▶ TASK ITEM
The entries below should be set down again exactly, with every picture left out.

───── INFORMATION SUPPLIED ─────

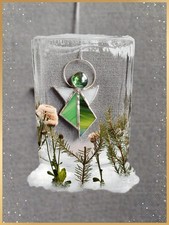 Glasengel, Engel, Schutzengel, Weihnachten, Tiffany Glaskunst, Baumschmuck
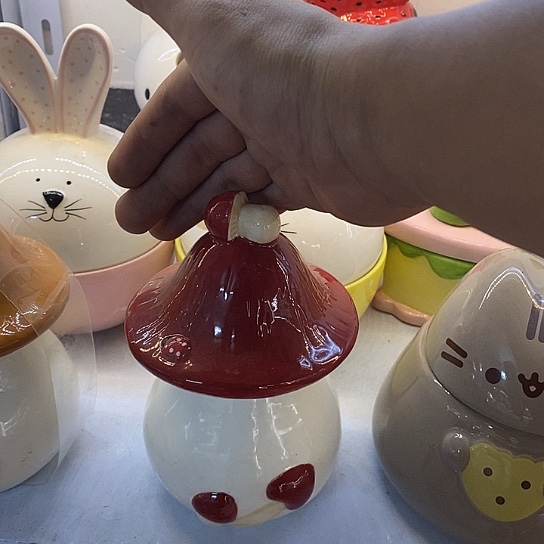 摆件陶瓷微瑕摆件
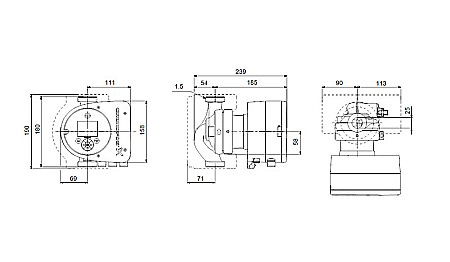 POMPA RECIRCULARE GRUNDFOS MAGNA3 25-120 97924248 [2]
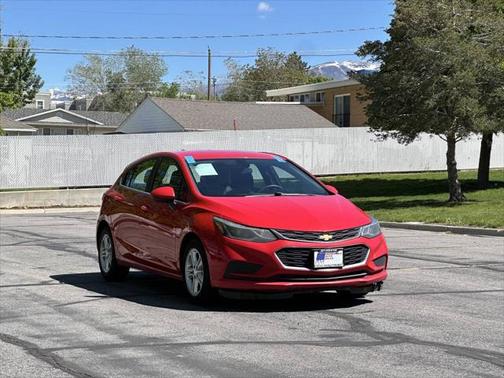 2017 Chevrolet Cruze LT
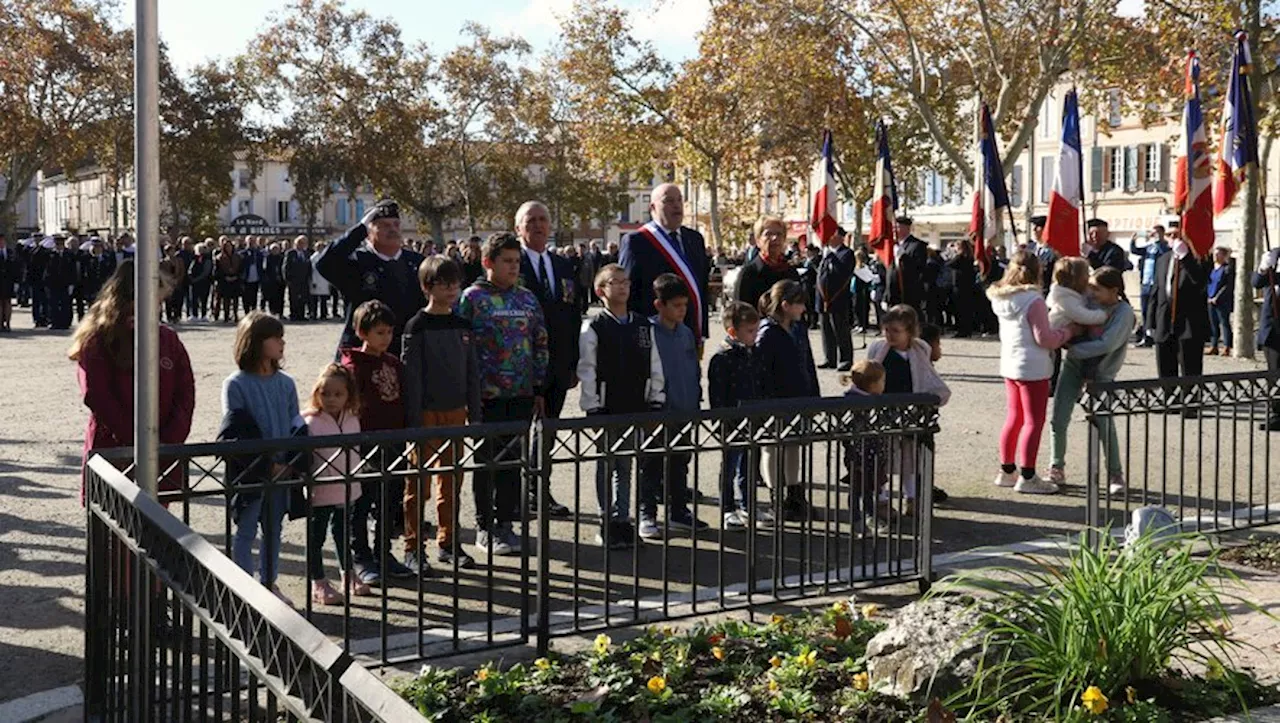 Commémoration du 11 Novembre à Valence d’Agen : hommage, mémoire et vigilance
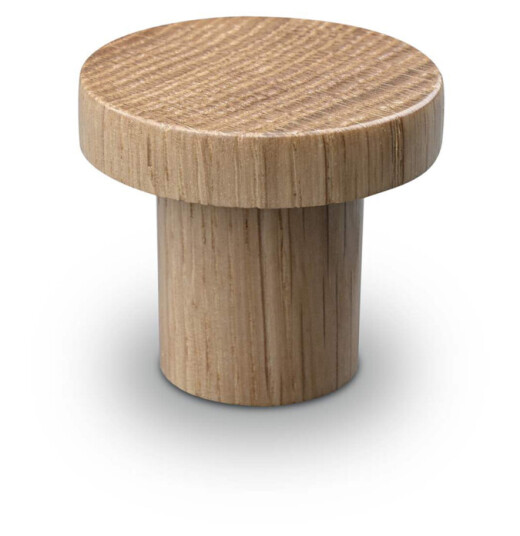THEOFILS KNOTT DUNKEHALLA 46X41 MM KLARLAKKET EIK THEOFILS KNOTT DUNKEHALLA 46X41 MM KLARLAKKET EIK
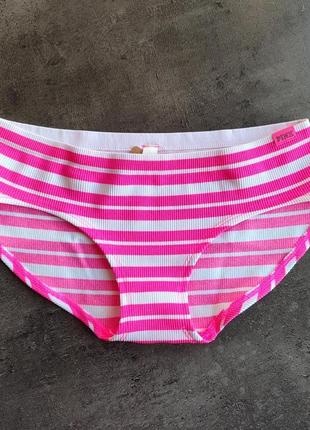 Victoria´s victorias secret виктория сикрет трусики seamless hipster panty pink хипстеры1 фото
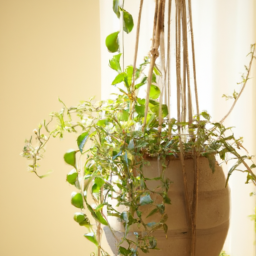 types of hanging plants indoor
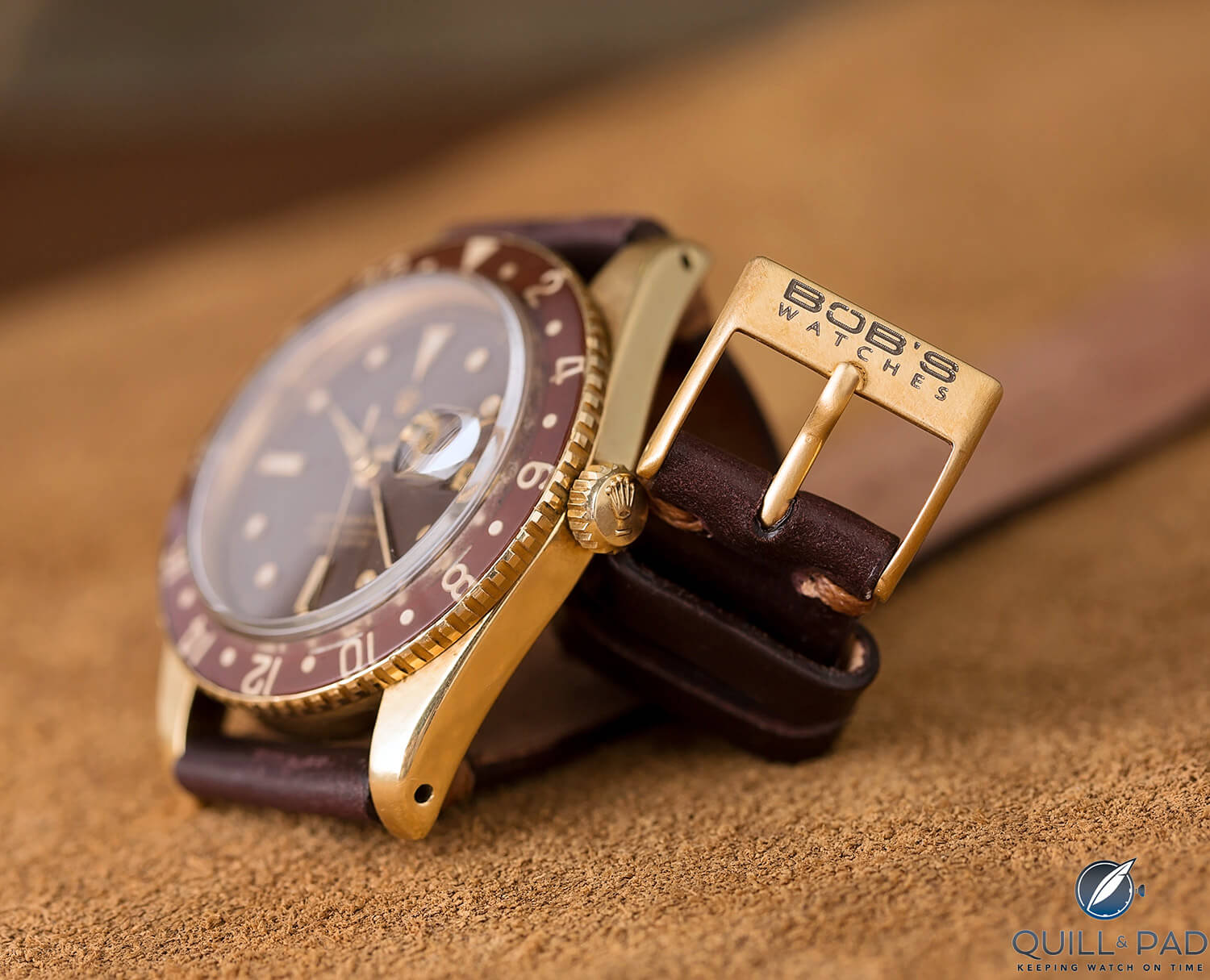 Rolex GMT-Master Reference 6542 (photo courtesy Bobs Watches)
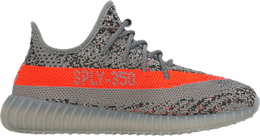 Adidas: Светоотражающие кроссовки  Yeezy Boost 350 v2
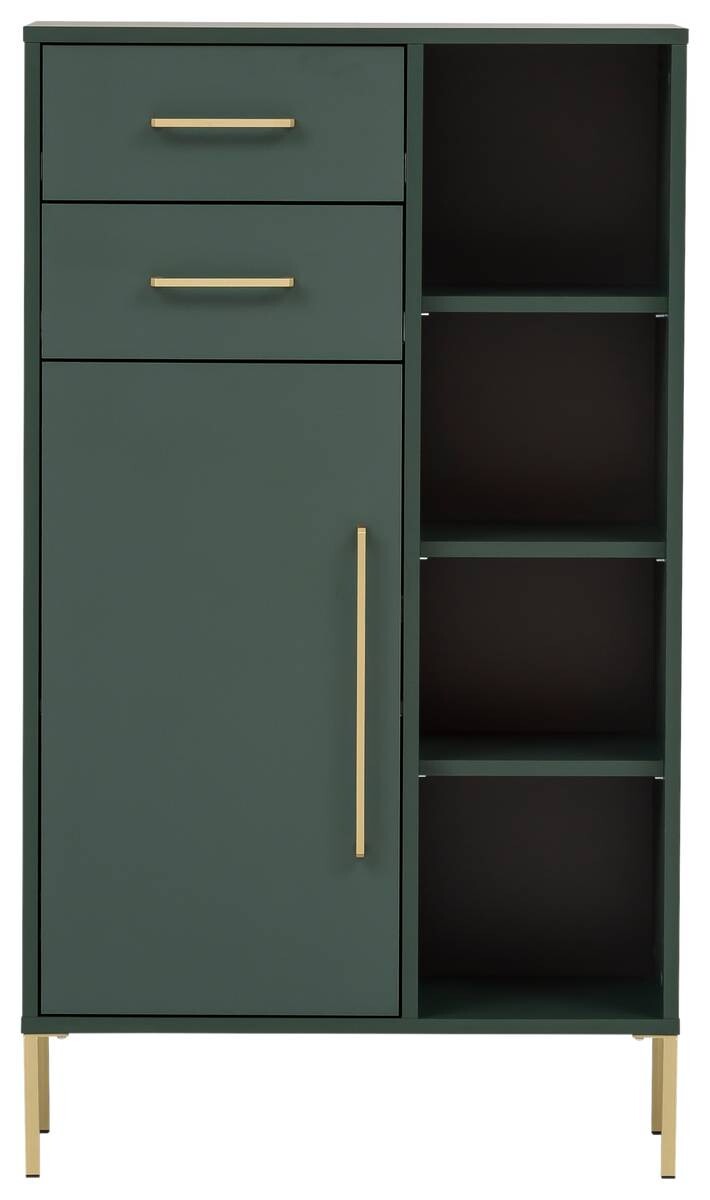 Midischrank Kent waldgrün B/H/T: ca. 67,1x117,4x33,1 cm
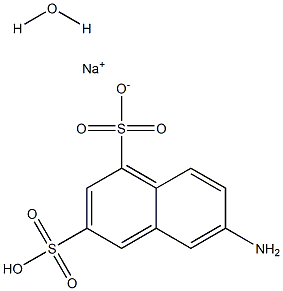 6-AMino-1,3-naphthalenedisulfonic Acid MonosodiuM Salt Hydrate [for DeterMination of 1-Naphthol in 2-Naphthol],,结构式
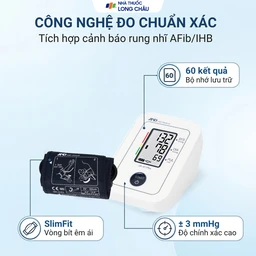 Máy đo huyết áp bắp tay AND UA-611 Plus Afib hỗ trợ đo huyết áp, cảnh báo đột quỵ 3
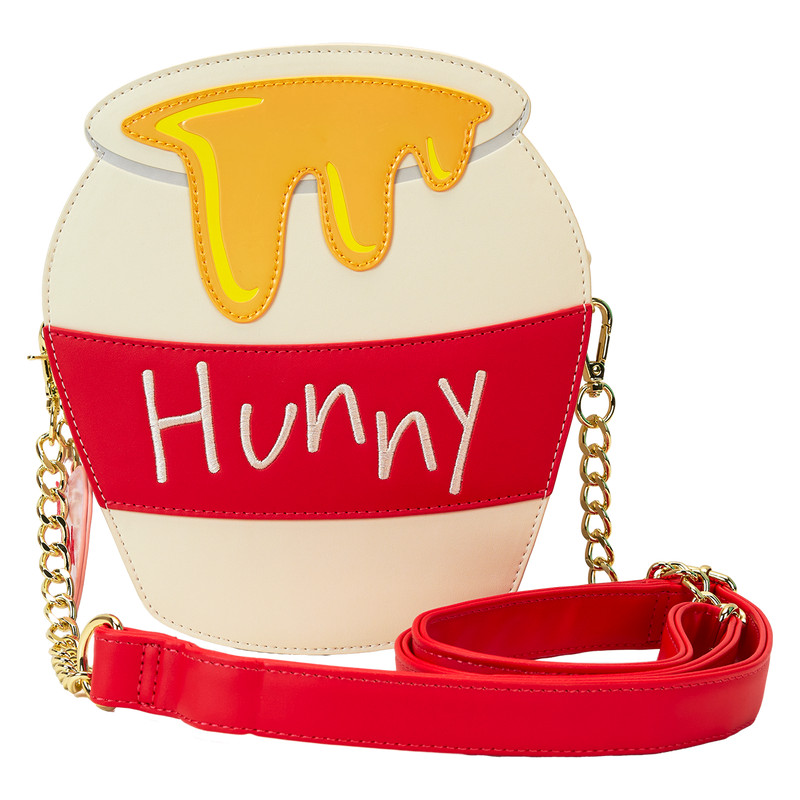 Winnie The Pooh Hunny Pot Crossbody Bag - DISNEY LOUNGEFLY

─────

▶ TASK RESPONSE
 Glasengel, Engel, Schutzengel, Weihnachten, Tiffany Glaskunst, Baumschmuck
 摆件陶瓷微瑕摆件
 POMPA RECIRCULARE GRUNDFOS MAGNA3 25-120 97924248 [2]
 2017 Chevrolet Cruze LT
 Commémoration du 11 Novembre à Valence d’Agen : hommage, mémoire et vigilance
THEOFILS KNOTT DUNKEHALLA 46X41 MM KLARLAKKET EIK THEOFILS KNOTT DUNKEHALLA 46X41 MM KLARLAKKET EIK
 Victoria´s victorias secret виктория сикрет трусики seamless hipster panty pink хипстеры1 фото
 types of hanging plants indoor
 Rolex GMT-Master Reference 6542 (photo courtesy Bobs Watches)
 Adidas: Светоотражающие кроссовки  Yeezy Boost 350 v2
 Midischrank Kent waldgrün B/H/T: ca. 67,1x117,4x33,1 cm
 6-AMino-1,3-naphthalenedisulfonic Acid MonosodiuM Salt Hydrate [for DeterMination of 1-Naphthol in 2-Naphthol],,结构式
 Máy đo huyết áp bắp tay AND UA-611 Plus Afib hỗ trợ đo huyết áp, cảnh báo đột quỵ 3
 Winnie The Pooh Hunny Pot Crossbody Bag - DISNEY LOUNGEFLY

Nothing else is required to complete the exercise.